The (to my mind gorgeous and sexy) font is IM Fell, that this amazing fellow puts out for nothing and for which you are not fit to touch the hem of his garments.  The whole package will give even your weakest and poorliest-edited documents the sexy grace of type-set musty English volume by Bishop J. Fell.  I can only grovel and aspire before the model set by Mr. Fell in his efforts to PUBLISH interesting things

But I am working on it.

Back to the presses I go


Thursday, April 3, 2014

Ichorteat Grottoe - Community Map

A simple map - I was at a staff meeting last week and bristling against paperwork and little blue squares and such.  I went out of my way to make sure the angles mostly aren't square and rectilinear.    What an ugly word.  Parallel.
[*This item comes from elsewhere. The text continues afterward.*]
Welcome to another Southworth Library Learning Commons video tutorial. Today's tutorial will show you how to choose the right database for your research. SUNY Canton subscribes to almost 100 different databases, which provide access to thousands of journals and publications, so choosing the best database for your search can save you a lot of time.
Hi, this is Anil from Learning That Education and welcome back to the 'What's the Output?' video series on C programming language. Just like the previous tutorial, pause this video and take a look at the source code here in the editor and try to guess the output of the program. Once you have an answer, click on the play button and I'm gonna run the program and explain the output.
That's a lot of L's

I envision some Runequest-style demonologists and a cult or three for the big hopping toad idol at the top. Came back to the whole thing and inked the first layer of walls after reading some of the stuff in the unofficial Fiend Folio II that +Greg Gorgonmilk posted onto the G+ thread

Lots of traps and maybe a few secret passages.  Gateway drugs into demon-toad worship and the bodies of a few dozen innocents.  Mugwumps, doelms, and bullywugs. Flooded passages (haven't decided which they ought to be, yet)
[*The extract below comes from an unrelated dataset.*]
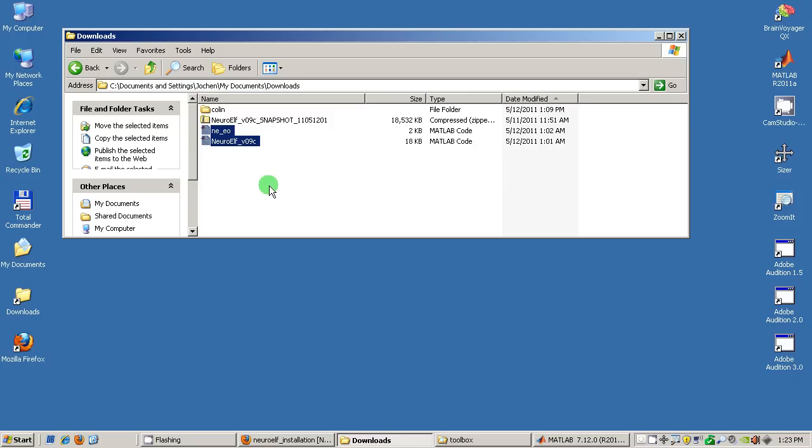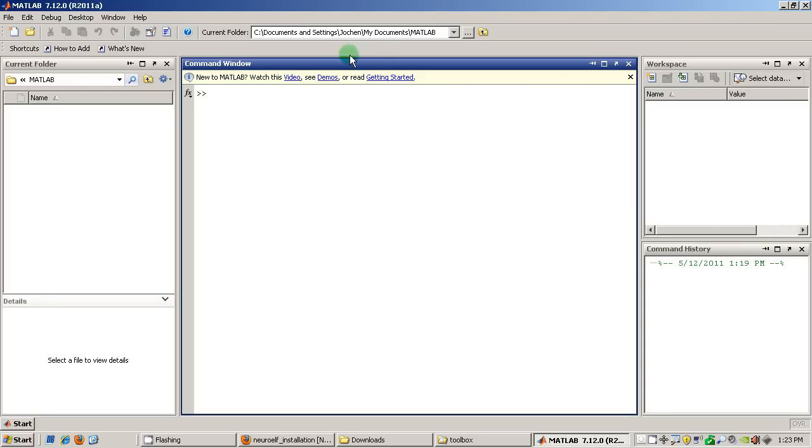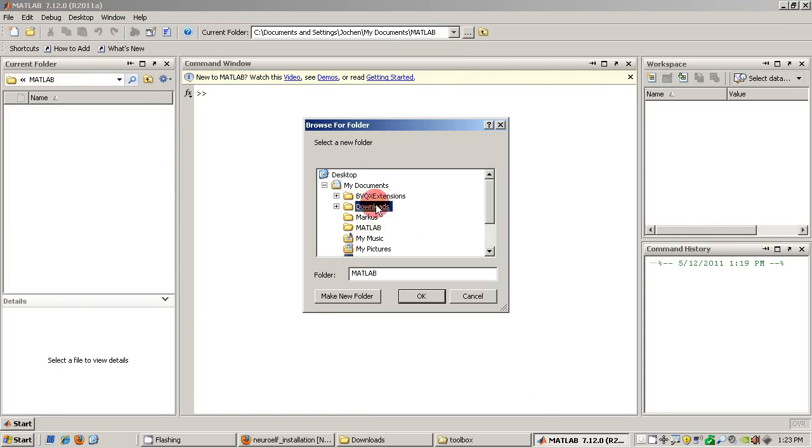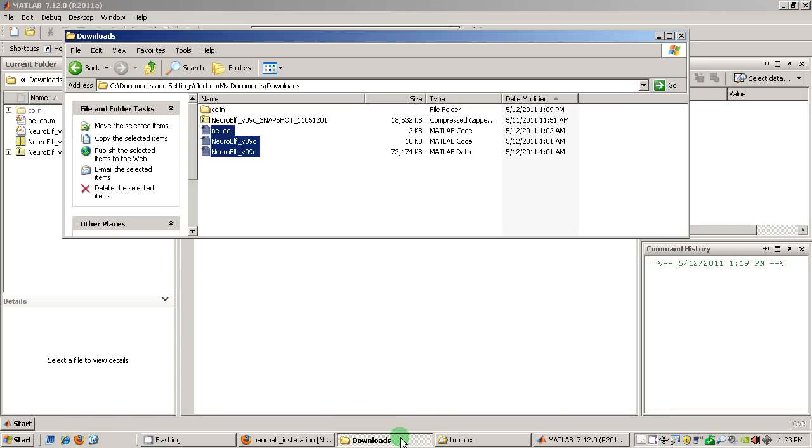And the important file to use is the file called NeuroElf underscore V09C which is the installer. And so I am now switching to MATLAB and picking the same folder which is the downloads folder and I can already see those files. Now it informs you that it's done with unpacking.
This is the basic version but maybe I'll do up a thing like Dyson does with all the hatching.  It's soothing and a stress thing  and good for goldbricking at meetings.  Or while waiting for clients to arrive or fill out paperwork. Writing the odd dissonant hymn or dirge to a toad demon while waiting for the coffee to brew

Update:


If I had used the scanner I could have cleaned up some of the pencil lines but then I'd have had to clean the back desk off and... Well, I will work it out later.

Monday, March 10, 2014

Indeed, the Gods Are Crazy

Thinking about the wide range of Orbital Gods that pop up in the first book of the ASE, and some of the games I've played as clerics, lately.  I read this post about what things a fantasy deity would want from boots on the ground, and here goes the list of stuff the two "on the fly" beings I invented might want:

The Great Albino Catfish, the Lord Who Floats in the Deep, Dark Water (from the STOUTFELLAS game by +Doug Kovacs with +Wayne Snyder +Paul Wolfe and +James MacGeorge).  In this I was "Fishbit" Burris, Lawful (but Evil!) Dwarven Cleric - former smuggler turned low-level gangster, turned hamburger by some mighty Pro-Sex Warrior Priestess Woman.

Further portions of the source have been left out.